In [2]:
import os
import pandas as pd
import torch
from transformers import AutoTokenizer, AutoModelForSequenceClassification, Trainer, TrainingArguments
from datasets import Dataset
from tqdm import tqdm
from transformers.tokenization_utils_base import BatchEncoding

# Load data
file_path = '../data/eu_references_rs.csv'
data = pd.read_csv(file_path)

# Initialize tokenizer and model
tokenizer = AutoTokenizer.from_pretrained("classla/bcms-bertic-parlasent-bcs-ter")
model = AutoModelForSequenceClassification.from_pretrained("classla/bcms-bertic-parlasent-bcs-ter")



In [4]:
def chunk_text(text, max_token_length=512):
    tokenized_text = tokenizer([text], truncation=False, padding=False)
    raw_tokens = tokenized_text["input_ids"][0]
    token_length = len(raw_tokens)

    if token_length > max_token_length:
        # How many 'chunks' of max_token_length fit into the total length
        int_quotient = token_length // max_token_length

        # Find the index / interval for where to cut the chunks
        split_index = max_token_length
        token_batches = [
            raw_tokens[i * split_index: (i + 1) * split_index]
            for i in range(int_quotient + 1)
        ]

        # Rebuild the prediction dataset for each chunk
        batch_dict = {
            "input_ids": token_batches,
            "attention_mask": [[1] * len(token_batch) for token_batch in token_batches],
        }
        tokenized_text = {
            "input_ids": [token_batch + [tokenizer.pad_token_id] * (max_token_length - len(token_batch)) for token_batch in token_batches],
            "attention_mask": [[1] * len(token_batch) + [0] * (max_token_length - len(token_batch)) for token_batch in token_batches],
        }
    else:
        # Pad the sequence to max_token_length
        tokenized_text = tokenizer([text], truncation=True, max_length=max_token_length, padding='max_length')

    return tokenized_text


In [5]:
# Initialize lists to store tokenized input_ids and attention_mask
input_ids_list = []
attention_mask_list = []

# Tokenize speeches and collect input_ids and attention_mask
for speech in tqdm(data['speech']):
    tokens = chunk_text(speech)
    input_ids_list.extend(tokens['input_ids'])
    attention_mask_list.extend(tokens['attention_mask'])

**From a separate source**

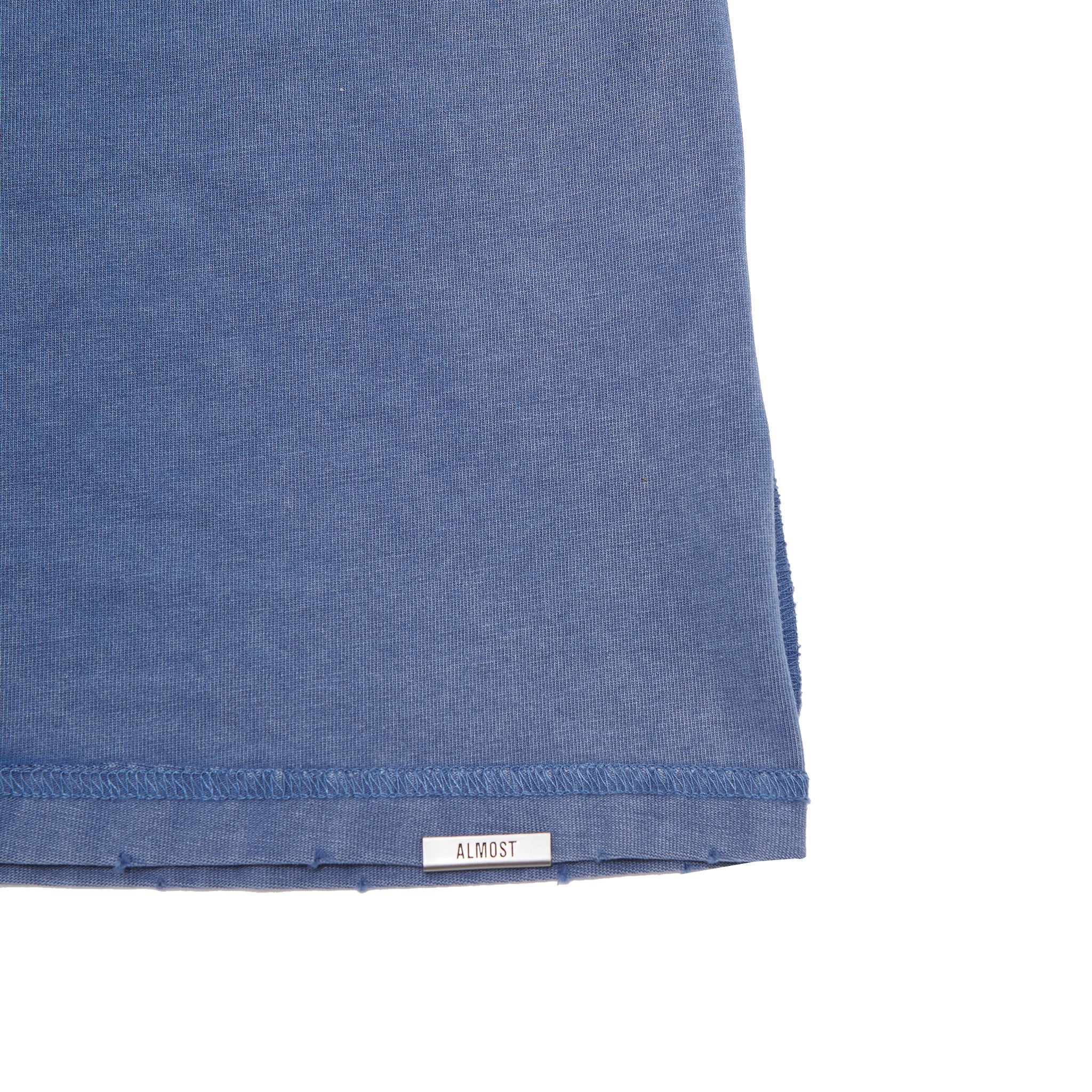 Signature Sun Faded Tee Signature Sun Faded Tee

# Create dictionary for Dataset.from_dict()
tokenized_data = {
    'input_ids': input_ids_list,
    'attention_mask': attention_mask_list,
}


  0%|          | 0/3485 [00:00<?, ?it/s]Token indices sequence length is longer than the specified maximum sequence length for this model (1340 > 512). Running this sequence through the model will result in indexing errors
100%|██████████| 3485/3485 [00:14<00:00, 239.44it/s]


In [6]:
# Create Dataset object
pred_dataset = Dataset.from_dict(tokenized_data)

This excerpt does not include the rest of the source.